IT WAS DOWN and dirty, acrimonious, less than civil, replete with name calling and gutter accusations, and we doubt the third presidential debate changed the minds of many American voters.
There was no doubt Hillary Clinton was the superior debater, and she should have been after 30 years in politics, but we didn’t learn much new from what she said, and we’re not sure she made any more voters trust her than they now do.
The big take away seemed to be Donald Trump’s refusal to declare he would accept the result of the election should he lose, an invitation which prompted Clinton to rip her Republican rival’s position as horrifying and contrary to the 240 year tradition of U.S. elections.

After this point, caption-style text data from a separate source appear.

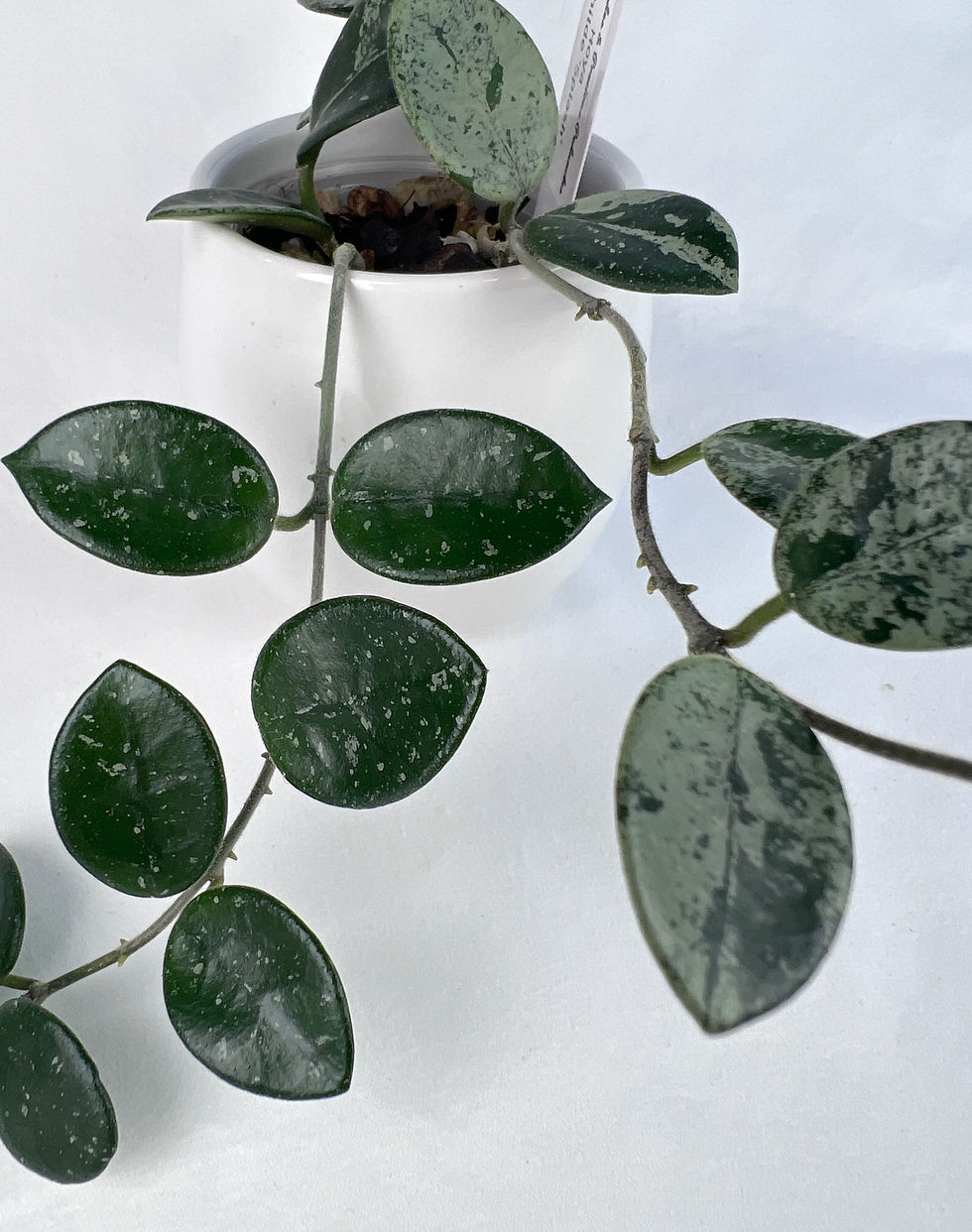Thumbnail: Hoya Mathilde ‘Splash”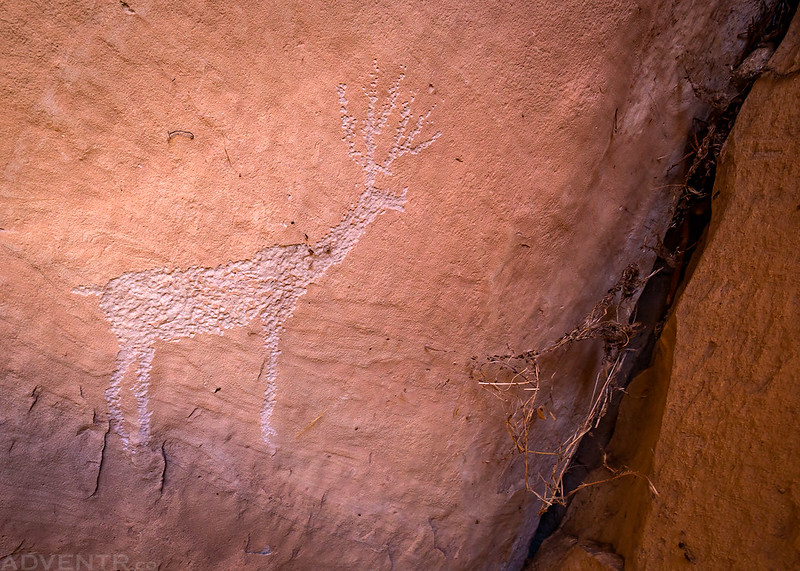 Petroglyph & Cobwebs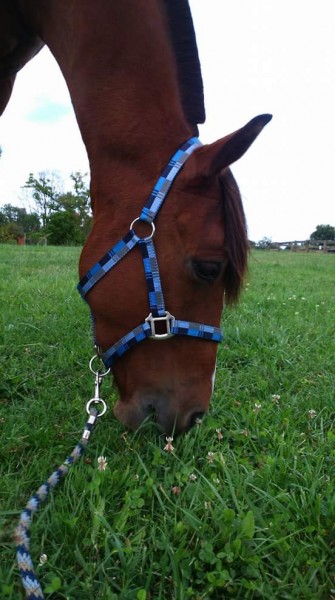 Photo de profil de melanie53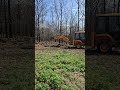 Digging holes for apple trees March 2025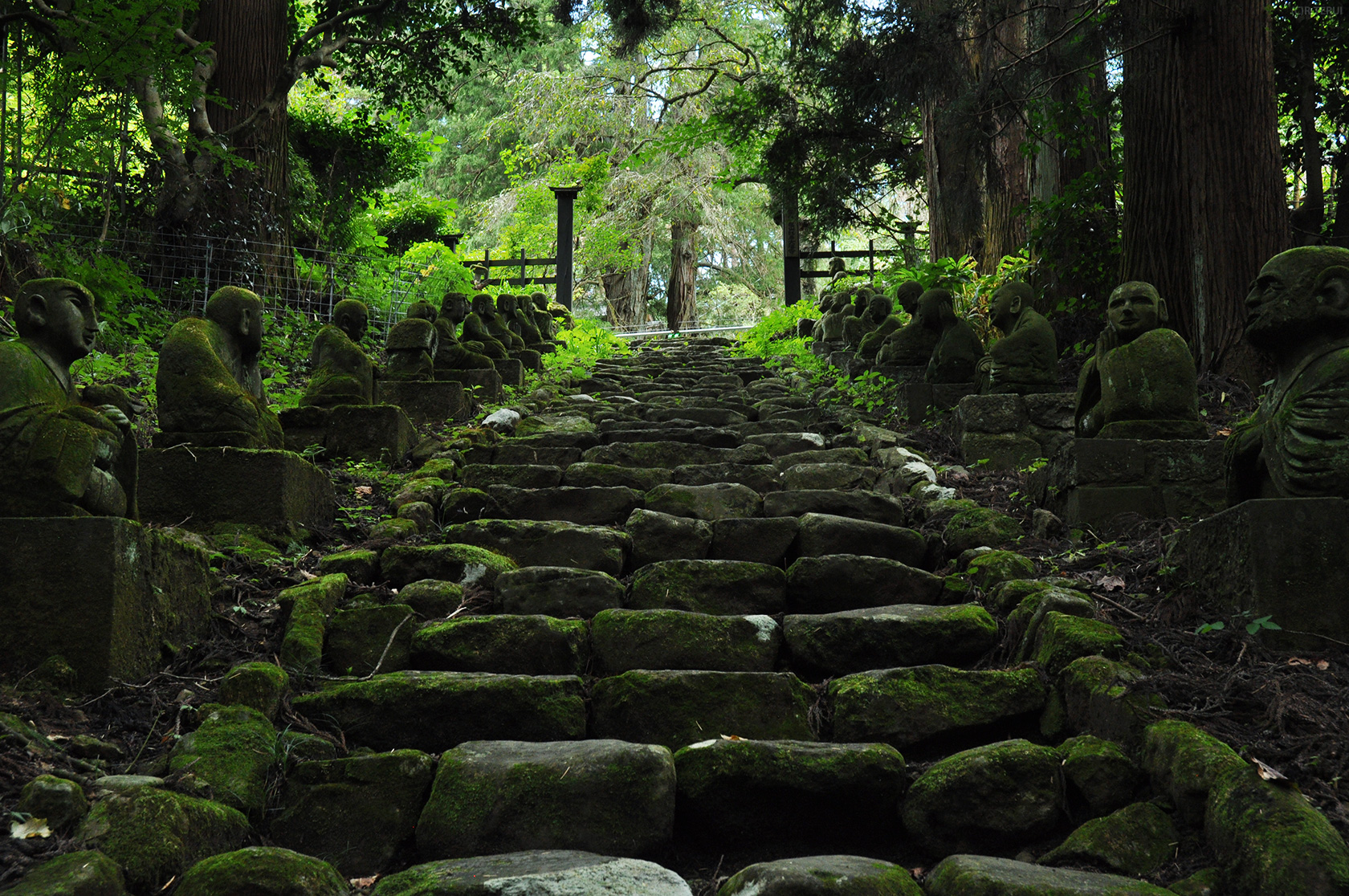 蕃山丘陵　写真2　大梅寺　羅漢像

For the record, Trump didn’t say he wouldn’t accept the outcome, but said he would look at that at the time. That’s really been a hallmark of Trumps entire campaign, to throw the fox into the henhouse and stand back and watch the feathers fly.
His campaign has been unconventional from the start, and why should it be any different in its dying days?
The media accounts will tell you that this final debate represented the final nail in the coffin of Trump’s presidential aspirations. The polling today is saying as much, and indeed all the tea leaves seem to be pointing to the same result.
We’re not saying Trump can beat the odds and win, but you’ll recall all the experts and the polling had Christy Clark losing in 2013, failed to project a Justin Trudeau majority a year ago, and couldn’t get the Brexit vote right.